Diary note 61: China in three steps

Speech given for discussion society ‘de Tomaat’, De Witte, The Hague

China from within.

Today, 12 October 2023, I had wanted to talk about contemporary China in contemporary geopolitics. But as I thought about this, it occurred to me that China’s present is a continuation of China’s past more than is usually assumed. And that the continuity of Chinese society and culture is an often underestimated factor.

Therefore, to understand contemporary China, I would like to dive into the past in three steps. The first step is superficial and deals with the capital’s role in Chinese history. The second tells of my visit to the capital Beijing in 2009 and my personal impressions. The third step will be about Confucius’ lore, the so-called Analects (Lun Yu, “selected sayings”), which form the traditional basis of state doctrine.

I hope these three steps, however flawed, will bring us closer to understanding China “from within”.

Step 1, history

1. China is old
the US is not old
Europe is in between

Many of the misunderstandings about China in America seem to stem from the difference between a new and an old civilisation.

America is 2 and half centuries old and China 2 and half millennia. America is mostly forward-looking, China only became so after the establishment of the Republic in 1917 and the People’s Republic in 1949.

Perhaps Europe can better understand what it is to focus a millennial system on the future.

2. The current capital of China is Beijing. Beijing, the Northern Capital, was established in 1644 as the capital replacing Nanjing, the Southern Capital, established in 1368. Beijing and Nanjing followed in a whole series of capitals, starting with Chang’an, which already existed in the Han Dynasty (206 BC – 220 AD). These capitals were not insignificant. Chang’an, for example, was as big as Constantinople in the Tang dynasty (618 – 907).

3. Capitals have for two thousand years been the centre of the Chinese empire where all power coalesced in the emperor and from there flowed back to states and cities.

4. This empire and the emperor could fall back on a civil service of Mandarins controlling the economy and administering justice.

5. This apparatus was schooled through an academic examination system. Passing the academy gave access to the civil service.

6. When the capital moved, the emperor, the civil service and the academic examination system travelled with it.

7. The top-down state apparatus remains even if a foreign power conquers China. China has been conquered several times, including by the Mongols (Yuan dynasty 1271 – 1368) and the Manchus (Qing dynasty 1636 – 1912). The foreign dynasty merges with the Chinese system.

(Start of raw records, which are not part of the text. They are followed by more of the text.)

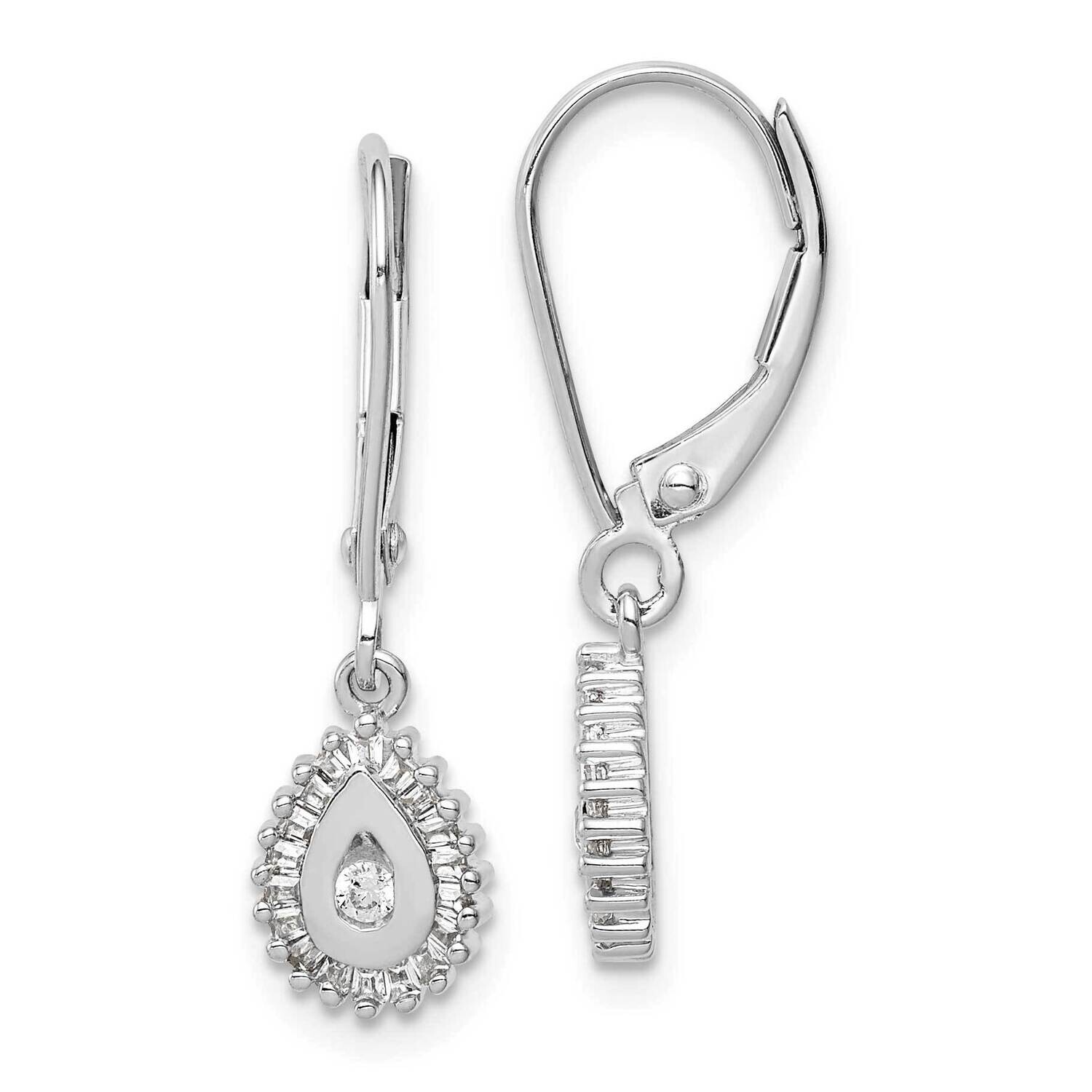 Baguette Diamond Teardrop Halo Leverback Earrings 10k White Gold EM5551-025-1WA, MPN: EM5551-025-1W…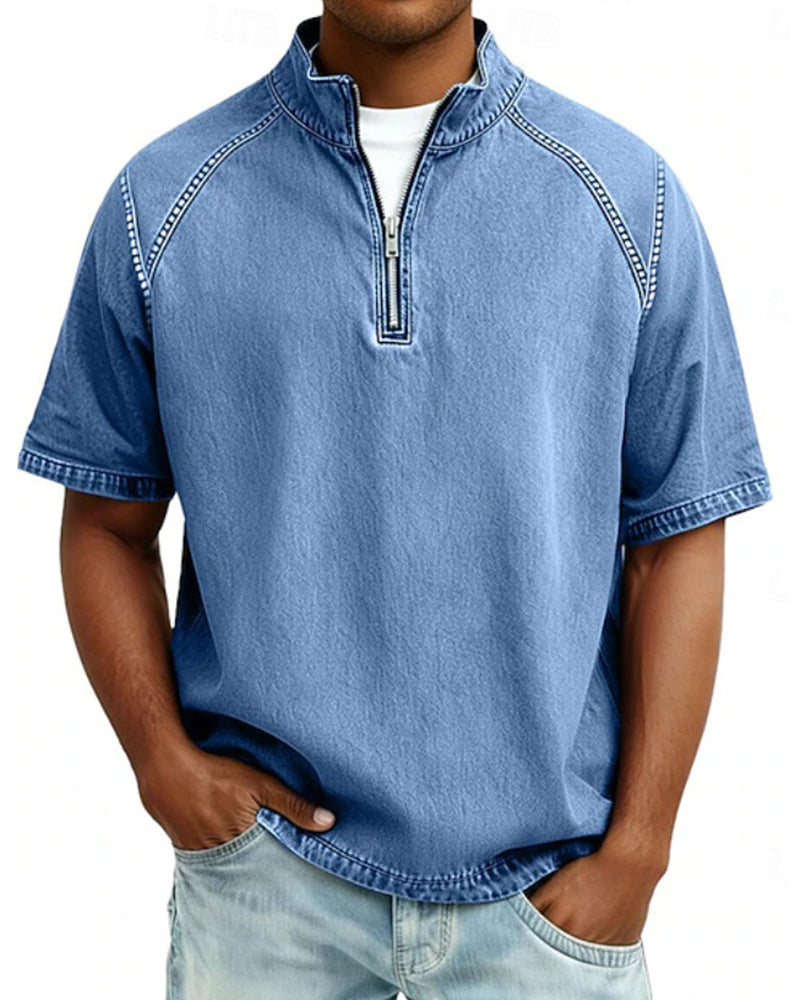S-4XL Solid Color American Style Wash Pure Cotton Half Zip Short Sleeve Polo Shirt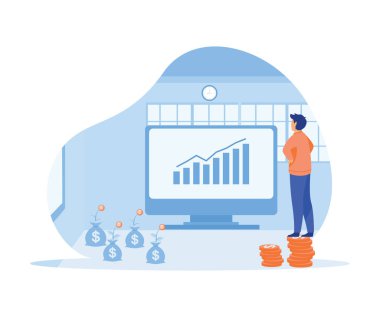 İşadamı, paranın bozuk paralarına girmesini beklerken rahatlıyor. düz vektör modern illüstrasyon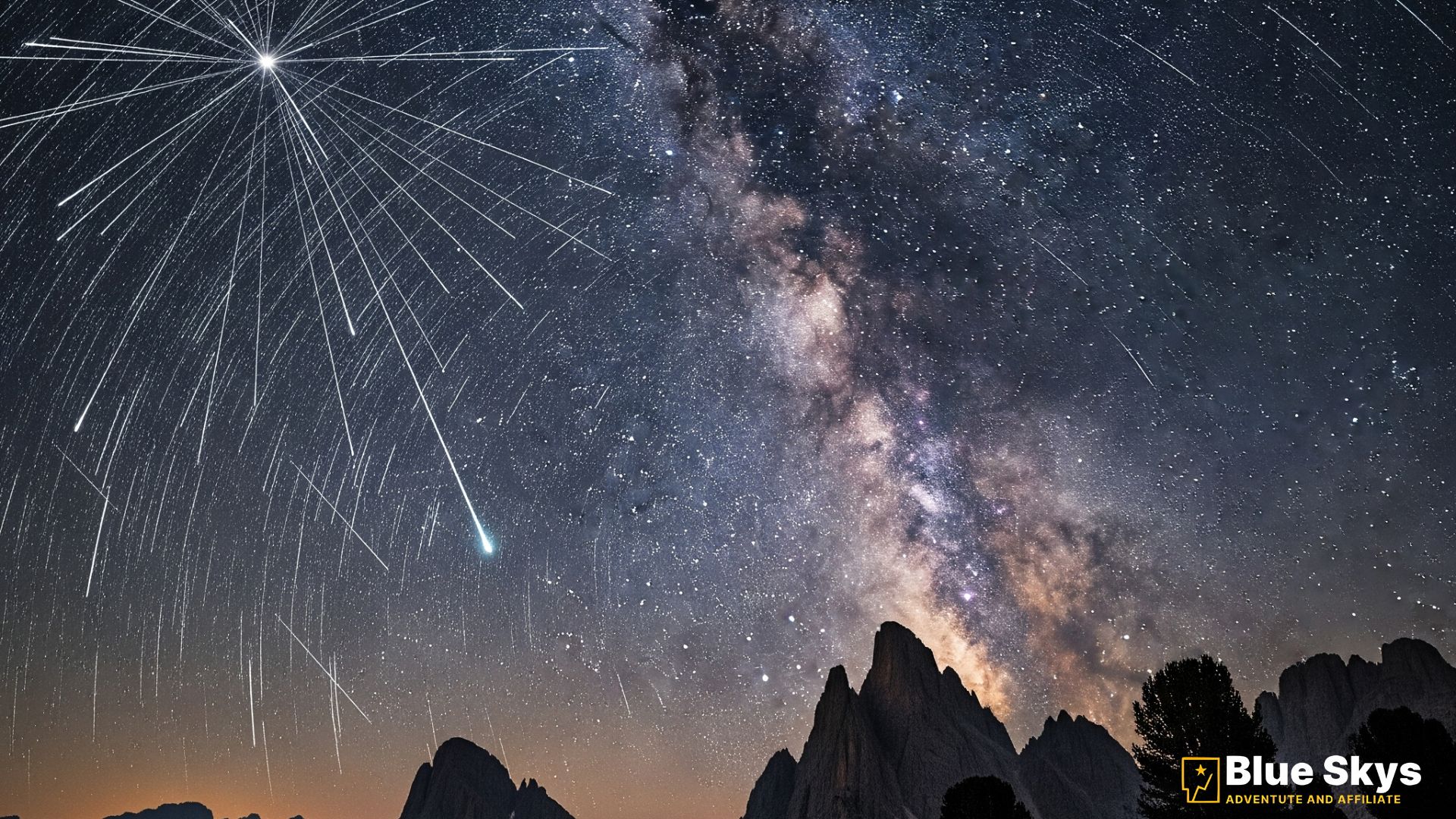 A meteor shower of several bright streaks over a dramatic mountain landscape at night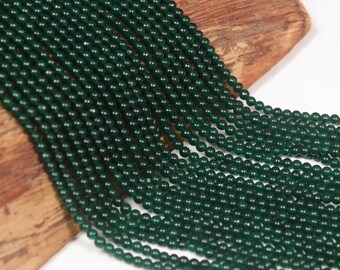 Grade AAA+ Dark Green Jade Smooth Round Beads, Green Jade Smooth Beads, Jade Beads For Jewelry Making 15 Inches Strand, Wholesale Beads,Gift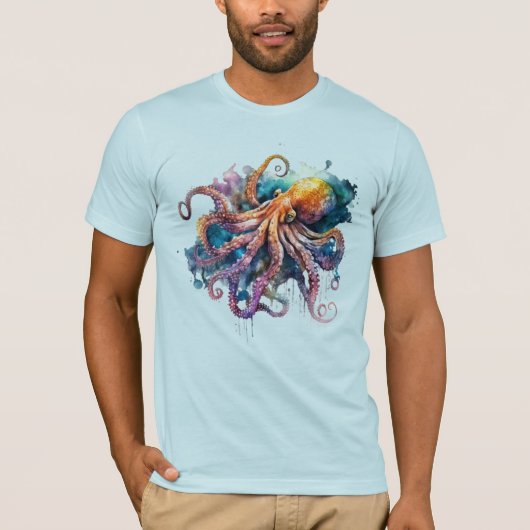 Waterverf Octopus T-shirt (Voorkant)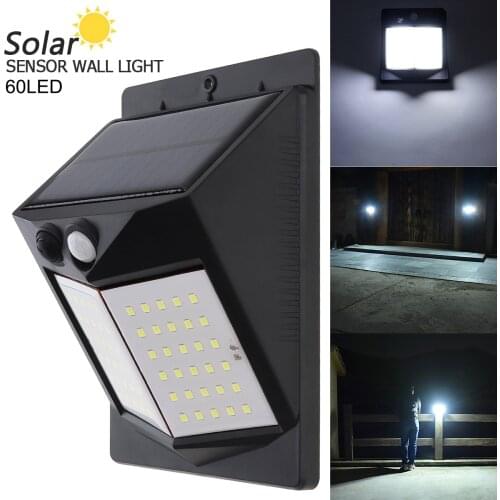 Light-controlled Human Body Sensing Wall Light 60 LED 450LM Solar Motion Sensor Light Induction Lamp for Outdoor / Courtyard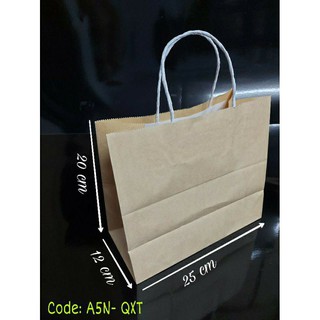 50 túi giấy kraft có quai xách 25 ×12 ×20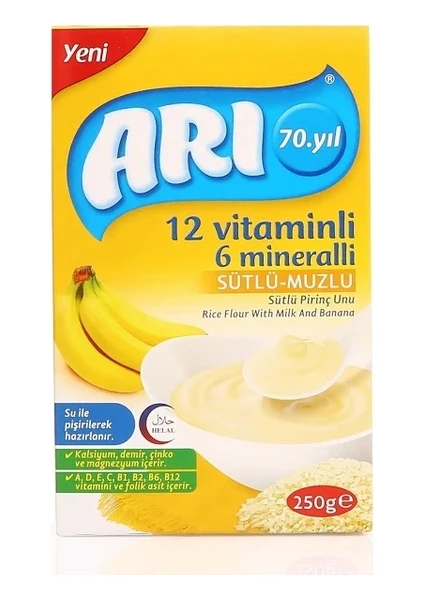 Arı Mama Sütlü Muzlu Pirinç Unu 200 gr 6 Paket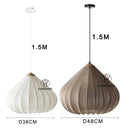 French Minimalist Pendant Light Onion Shape Fabric Lampshade for Living Room.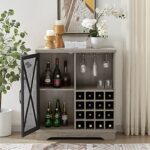 Wine Bar Cabinet,Liquor Cabinet with Storage, Farmhouse Buffet Cabinet with Wine Rack and Adjustable Storage Shelves,Metal Wood Coffee Bar Sideboard for Home,Kitchen,Dining Room?A
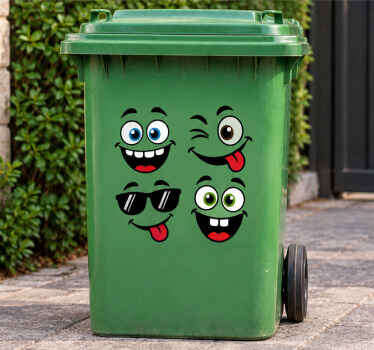 Aufkleber mülltonne mit lustigen gesichtsmotiven - TenStickers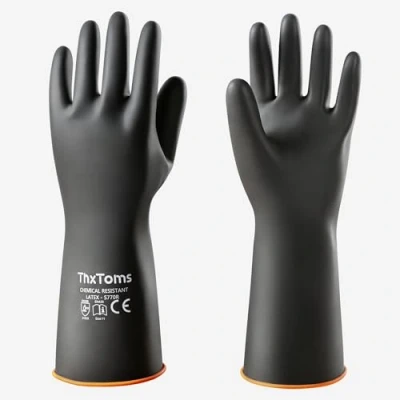 Image de ThxToms Gants en Latex Résistants,Résistent à Fortes Acide, Alcalins et d&#039;huile, Noir 14&quot;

8. In his translation of the Analects of Confucius, Arthur Waley makes the interesting note that the Chinese do not record their personal life time with an abstract year, but according to the Emperor in whose time they live.

9. A major source for China’s theory of state is Confucius (Kong zi, or Kong fuzi 551 – 497 BC). There are other influences, for more than 2,000 years, leading to Neo-Confucianism. But no influence was as important as the teachings of Confucius. Every textbook in China begins with a statement by Confucius about the unity of mankind. From the Eastern Han Dynasty onwards (25 – 220), Confucian classics were engraved in stone by imperial order, most recently by the Qing emperor Qianlong from 1789. The teachings of Confucius are valid and must remain.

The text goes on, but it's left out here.